Apologies for the somewhat off-topic remark, but ... Can we please stop creating new JSON-based config files? Sane config file formats must support comments.
I wouldn't apologize for that, you're addressing the elephant in the room here. JSON has turned into the new XML. There seems to be a pervasive undercurrent that if it looks website-ish, it's got to be good. So it seems to be used quite a bit in lieu of looking carefully at the problem and figuring out the best structured format. Configuration files tend to have a lot of ambiguity in them, going to a format that makes it all that much harder to pull out the why part of settings does nothing to improve on that.
Honestly, I don't think JSON config files are a big problem. What's shitty is when humans are expected to manually create and edit plain JSON, but what's stopping us from using whatever tools we want to generate those JSON configs?
There are some very nice tools out there for this; I have taken to using jsonnet (http://jsonnet.org/), which is excellent as a configuration language. It's pretty comparable to Hashicorp's HCL, but it's a standalone thing.
Summary: Write your config files in a language of your choice. Render them to JSON for your apps to consume. Be thankful that every app doesn't have its own special snowflake config format like they used to.
Unfortunately, it suffers from the huge problem of not having any comments, which was what the original poster was pointing out. Configuration is code that happens to be interpreted at runtime. Having to dig through uncommented code at two in the morning sucks, especially when you're trying to figure out why your automated code and/or config generator just failed. Yes, having to write a config file by hand sucks, however, there are still enough cases out there where you end up having to do just that, and JSON makes the problem of keeping them lucid all the more difficult.
My suggestion, in general, is to use a static language like jsonnet to write config files. It's rather hard for them to break, because the language just isn't capable of talking to the network or various other things that config files shouldn't do. I do agree with you, and I would really prefer to have apps use formats that allow some sort of commenting, but I can live with json - by letting the computer deal with it.
What I hate is that good tools for this like UCL go ignored or forgotten while JSON formats grow like weeds, and even excellent people like Hashicorp wind up contributing to this serious problem.
> There seems to be a pervasive undercurrent that if it looks website-ish, it's got to be good.
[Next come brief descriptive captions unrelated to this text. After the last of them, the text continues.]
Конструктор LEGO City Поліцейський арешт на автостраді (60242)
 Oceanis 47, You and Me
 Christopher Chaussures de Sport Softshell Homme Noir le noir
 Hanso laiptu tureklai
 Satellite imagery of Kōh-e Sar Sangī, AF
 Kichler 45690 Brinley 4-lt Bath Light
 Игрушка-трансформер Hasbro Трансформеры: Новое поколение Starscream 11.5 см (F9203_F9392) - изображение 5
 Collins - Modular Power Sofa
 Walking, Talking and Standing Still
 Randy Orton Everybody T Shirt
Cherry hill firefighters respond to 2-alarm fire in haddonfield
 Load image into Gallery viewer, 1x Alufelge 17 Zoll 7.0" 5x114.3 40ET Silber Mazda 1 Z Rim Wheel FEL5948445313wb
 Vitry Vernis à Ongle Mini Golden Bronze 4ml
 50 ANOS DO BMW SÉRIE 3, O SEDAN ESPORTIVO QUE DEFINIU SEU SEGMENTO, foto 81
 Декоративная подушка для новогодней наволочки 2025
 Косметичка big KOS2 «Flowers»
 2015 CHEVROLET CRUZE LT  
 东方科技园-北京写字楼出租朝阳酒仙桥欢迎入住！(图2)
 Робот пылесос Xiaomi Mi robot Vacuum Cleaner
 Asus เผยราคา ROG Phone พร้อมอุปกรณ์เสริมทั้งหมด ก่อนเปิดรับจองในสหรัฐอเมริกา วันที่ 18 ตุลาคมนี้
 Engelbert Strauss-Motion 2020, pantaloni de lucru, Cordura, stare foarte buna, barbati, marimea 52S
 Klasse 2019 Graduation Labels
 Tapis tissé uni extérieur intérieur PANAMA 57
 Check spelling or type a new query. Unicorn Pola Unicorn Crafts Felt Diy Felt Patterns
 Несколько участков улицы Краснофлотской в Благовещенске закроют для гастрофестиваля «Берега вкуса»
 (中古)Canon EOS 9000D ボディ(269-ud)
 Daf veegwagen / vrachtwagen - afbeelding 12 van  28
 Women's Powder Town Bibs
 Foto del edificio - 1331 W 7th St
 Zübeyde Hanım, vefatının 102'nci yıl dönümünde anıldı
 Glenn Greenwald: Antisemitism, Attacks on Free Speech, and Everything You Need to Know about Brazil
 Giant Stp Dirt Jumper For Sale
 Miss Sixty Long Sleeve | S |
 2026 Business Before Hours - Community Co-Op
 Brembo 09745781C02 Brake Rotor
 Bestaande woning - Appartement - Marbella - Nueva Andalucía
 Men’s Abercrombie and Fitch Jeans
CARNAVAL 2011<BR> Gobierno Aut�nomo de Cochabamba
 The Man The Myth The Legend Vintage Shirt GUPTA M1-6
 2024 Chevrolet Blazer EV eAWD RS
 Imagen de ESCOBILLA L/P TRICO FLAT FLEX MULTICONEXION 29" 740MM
I don't get that from the article. There's a stated reason, that it's a stricter format with much less risk of type confusion, which sounds plausible enough to me. There's also the benefit that tool support is good. Why does the web need to be relevant at all?
Doesn't YAML fill the same slot, allow comments, and allow much saner human interaction? And as a bonus it's 100% (?) convertible to JSON (minus comments of course)
You'd have to add a validator to disallow some of the weirder YAML syntaxes. And once you have such a validator, you have neither JSON (it won't parse) nor YAML (it's dangerous to parse the file as YAML without running it through the validator first).
YAML isn't a particularly good config format either, since it has a lot of unnecessary complexity. For example, bare words are strings, but some bare words, such as "true" are booleans. Which wouldn't be so bad, but did you know that "yes" and "no" are also booleans? I've gotten YAML files from an i18n-system that screwed this up in a pretty bad way.
In fact, YAML is a superset of JSON, and any valid JSON is also valid YAML. This becomes more obvious when you realize you can put any JSON objects inside of your YAML document and any YAML parser will correctly deserialize it.
At long as an app isn't strictly validating the JSON, you should be able to add keys like { "comment": "this does xxx" } to a JSON configuration object.
I removed comments from JSON because I saw people were using them to hold parsing directives, a practice which would have destroyed interoperability. I know that the lack of comments makes some people sad, but it shouldn't.
Suppose you are using JSON to keep configuration files, which you would like to annotate. Go ahead and insert all the comments you like. Then pipe it through JSMin before handing it to your JSON parser."
The idea that one would install node + npm + some linter + linter configs + some method of automatically running the linter against the config before sending it to the thing being configured seems pretty insane and unnecessary to me. At the end of the day, it can suck, but being able to look at a config on a running system with inline comments makes debugging infra problems much easier. What the heck was wrong with # comments and the types of configs Apache et al. Have been using for decades?
Nothing, but then you get to write your own parser for whatever bespoke configuration DSL you want to implement. Some people would rather focus on other aspects of functionality.
I (original commenter) second TOML. It is very simple, is instantly familiar to anyone who has used ini files or many Unix-style config files, and has many good implementations available.
The [[array]] notation mentioned below is a tad weird, but I've never had an occasion to use it.
No, you're got upvoted by me. XML is great and has all kinds of well-tested tools - query language, schema validation, namespaces, etc.! Not sure why people think it's worse than JSON, TOML or the likes. Less readable? Not really. Plus, more people know HTML than JSON and so it should be less easy to learn than even JSON for people who already know HTML. Maybe the only improvement would be to make it more relaxed like HTML5.